§ Dataset records
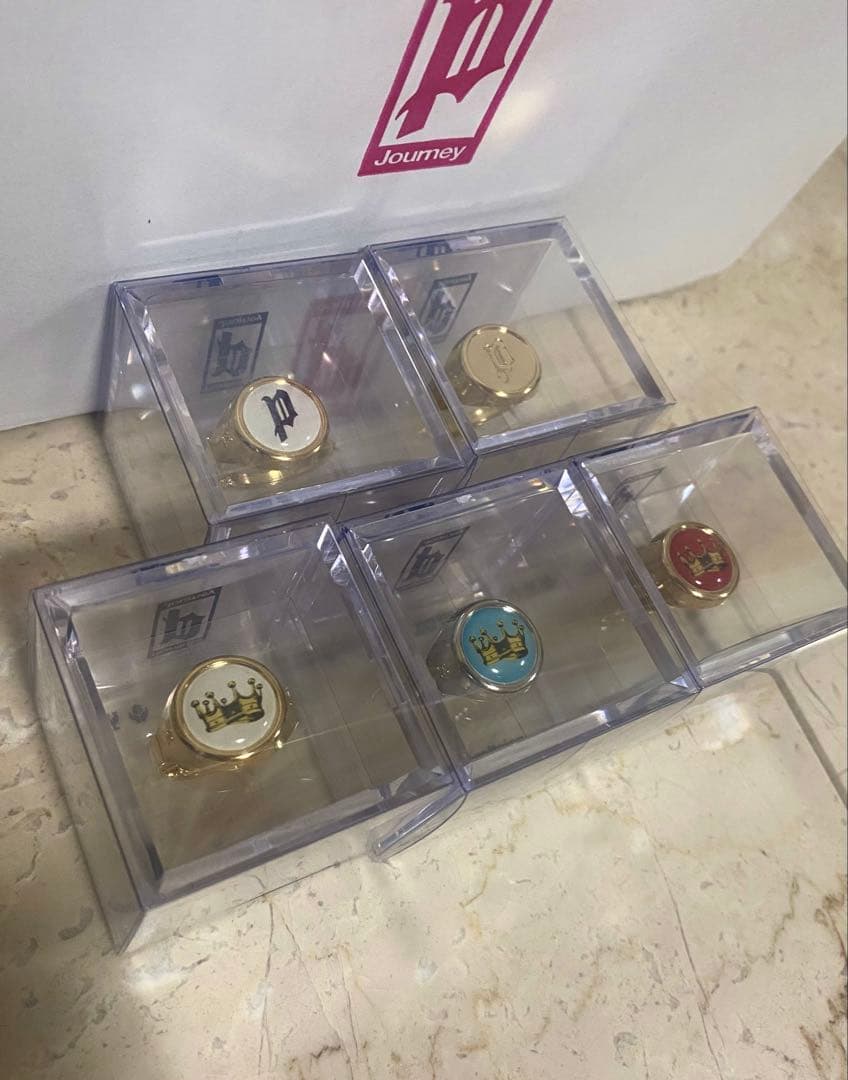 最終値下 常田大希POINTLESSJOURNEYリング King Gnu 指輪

==

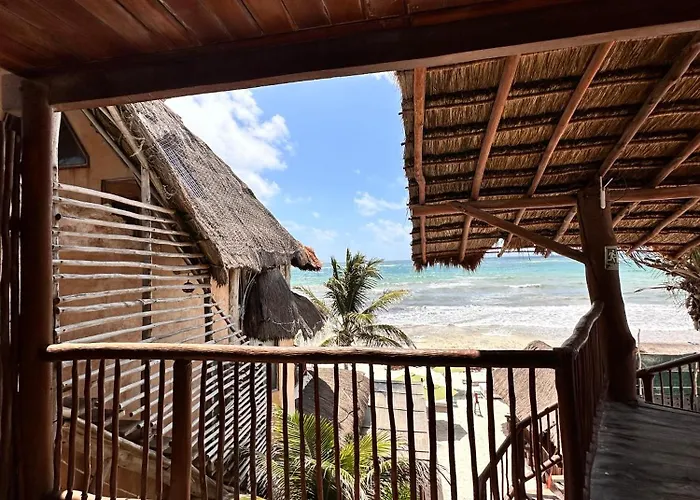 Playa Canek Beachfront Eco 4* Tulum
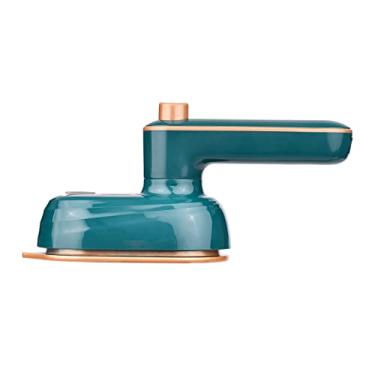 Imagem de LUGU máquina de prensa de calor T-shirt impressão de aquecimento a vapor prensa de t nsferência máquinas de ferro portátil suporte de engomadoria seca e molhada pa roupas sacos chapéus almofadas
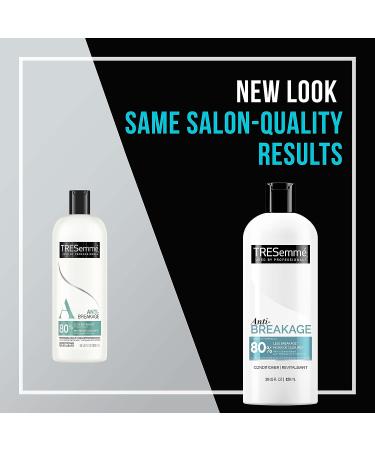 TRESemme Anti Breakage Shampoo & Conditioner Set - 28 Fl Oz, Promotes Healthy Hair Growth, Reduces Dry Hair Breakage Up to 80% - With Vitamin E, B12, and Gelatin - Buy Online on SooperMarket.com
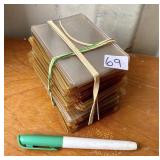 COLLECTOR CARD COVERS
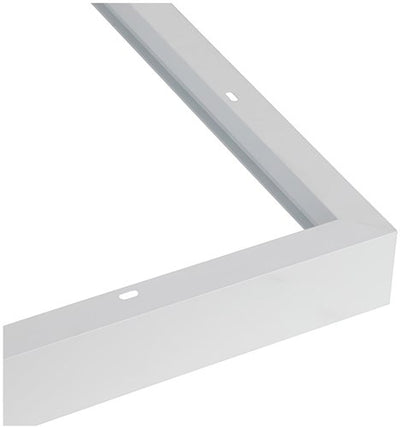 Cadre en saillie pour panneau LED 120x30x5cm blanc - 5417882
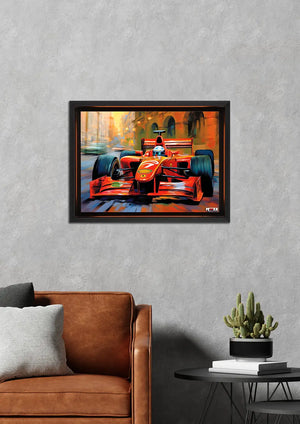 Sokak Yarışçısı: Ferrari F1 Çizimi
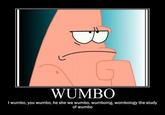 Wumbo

...

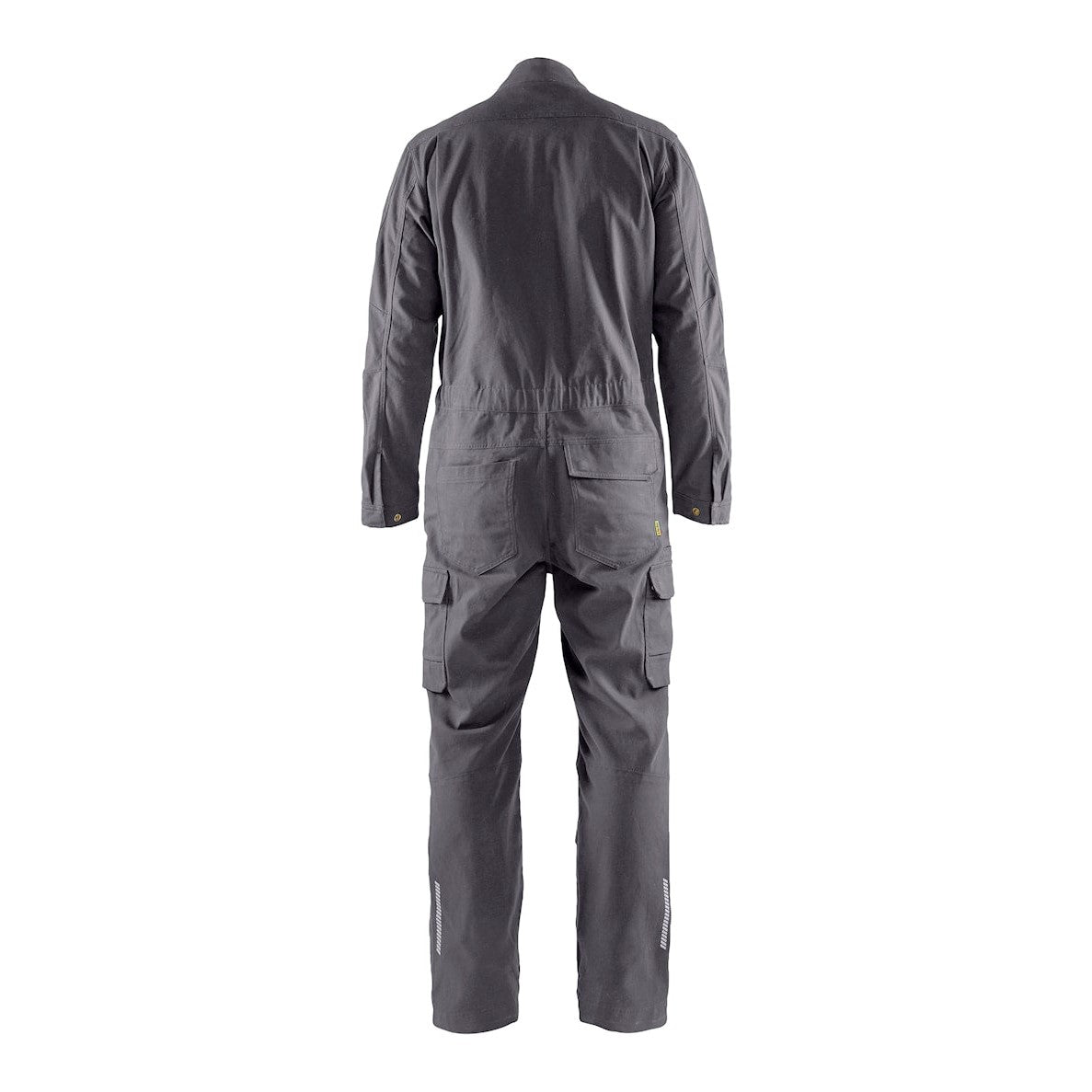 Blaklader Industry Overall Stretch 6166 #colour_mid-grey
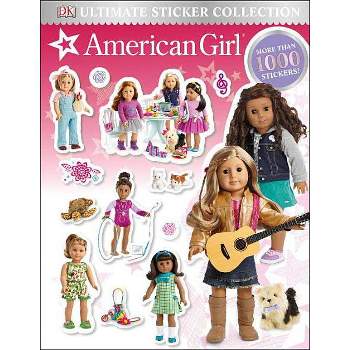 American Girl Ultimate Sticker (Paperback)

§ Exercise prompt
Working from the entries above, reproduce exactly and only the lines beginning with the line that has "Blaklader Industry Overall" and ending with the line that has "American Girl Ultimate Sticker (Paperback)"; omit all pictures.

§ Solution to this task
 Blaklader Industry Overall Stretch 6166 #colour_mid-grey
 American Girl Ultimate Sticker (Paperback)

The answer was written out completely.